Meanwhile, Lebanon has noticeably hardened its positions over the last few days and there are an increasing number of voices within the Israeli Cabinet urging a unilateral pullback by the IDF to the Awali River, the boundary of the 28-mile security zone in south Lebanon.

This pullback proposal was aired at the weekly Cabinet meeting today but there was no decision. Most ministers felt it would be inadvisable for Israel to make such a decision on the eve of Shultz’s visit.

At the same time, the prevailing sentiment in the Cabinet was that the current setback in the talks with Lebanon could not be allowed to develop into a long deadlock. Ministers heard from Foreign Minister Yitzhak Shamir that Lebanon has gone back on understandings reached in the talks on key security and normalization issues.

GEMAYEL TAKES HARD LINE POSITION

This hardening on Lebanon’s part began at the negotiating round in Khalde last Thursday. It was echoed in a briefing by President Amin Gemayel to media editors in Beirut which was widely publicized over the weekend.

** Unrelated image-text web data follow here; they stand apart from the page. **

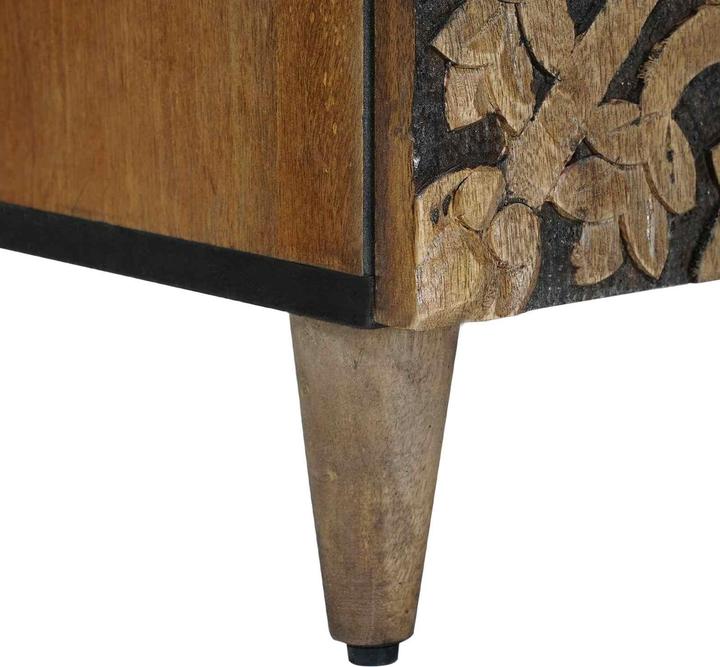 Produktbild vidaXL Sideboard (60 x 33.50 x 75 cm)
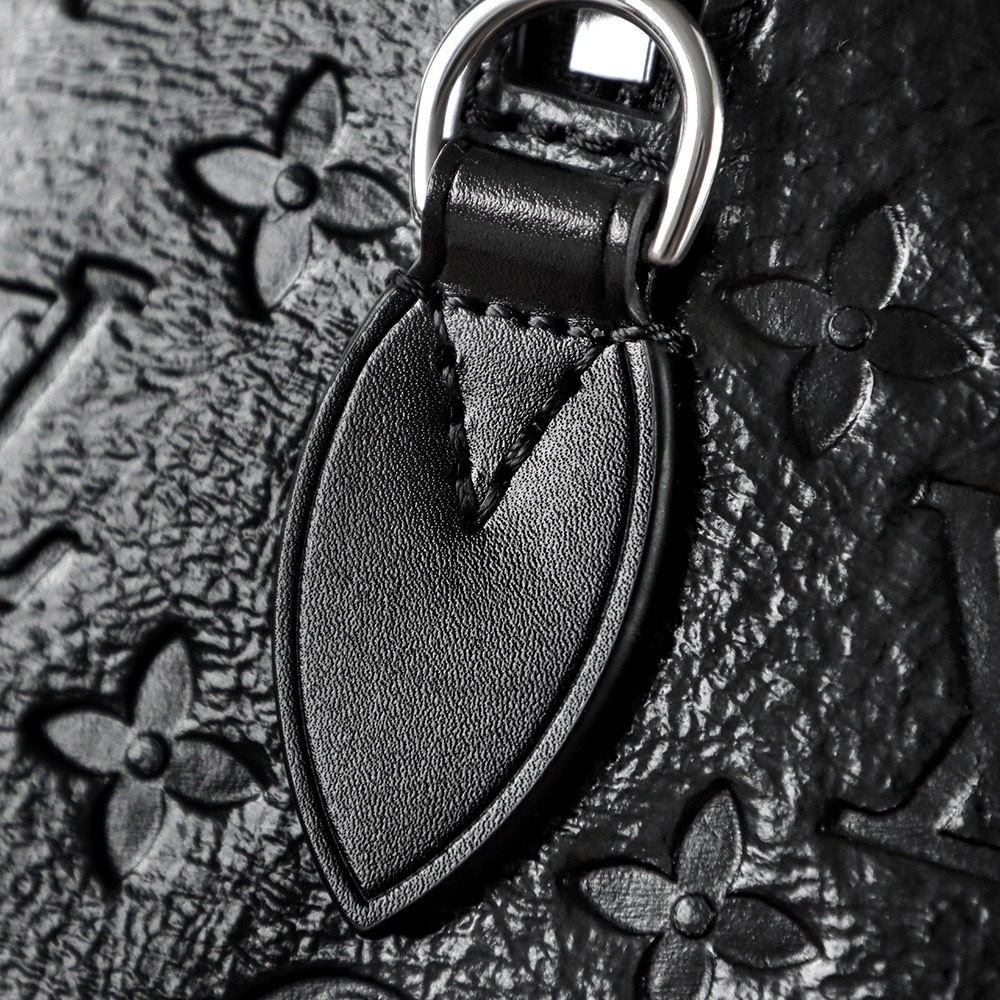 （SP） LV Speedy trunk 20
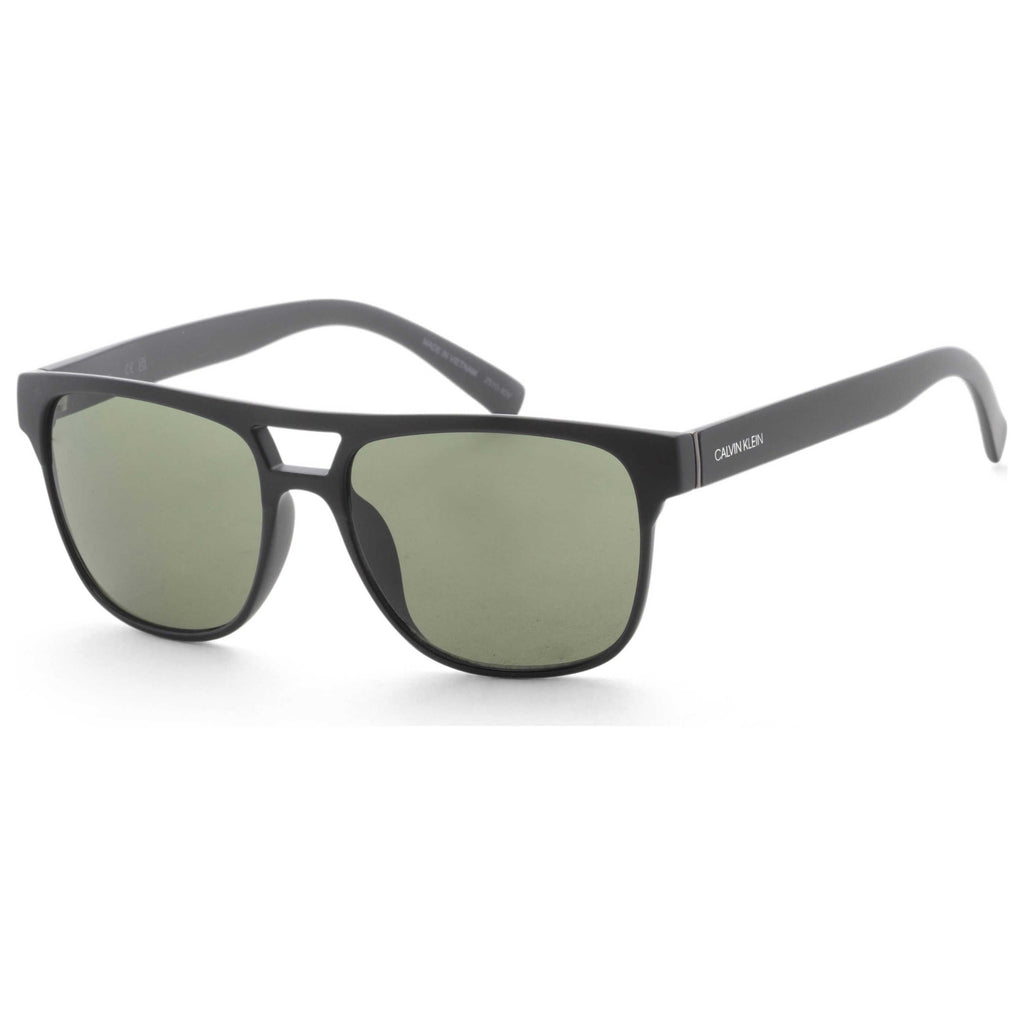 Calvin Klein Men's Sunglasses CK20523SN-001
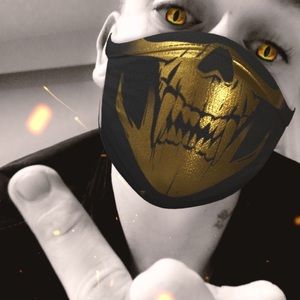 Meet your Posher, Joseph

The Lebanese President insisted that there would be no Israeli dictation regarding the future role of its ally, Maj. Saad Haddad. Nor would there be normalized relations between the two countries –merely an end of belligerency agreement. “We also reject the concept of mutual patrols,” Gemayel said, He said there would be U.S.-Israel-Lebanon supervisory teams, but not military patrols to oversee security in south Lebanon.

On many of these points, Israeli negotiators say they had reached understandings with their Lebanese counterparts which have now been thrown into question. Cabinet sources insisted that Israel “will not renegotiate these matters.”

If, during the four or five sessions to be held this week it turns out that last Thursday’s backsliding and remarks represented a new Lebanese policy, “then that will be that,” a top source said. His implication was that the talks would in effect have reached a point of stalemate and Israel would look to other options.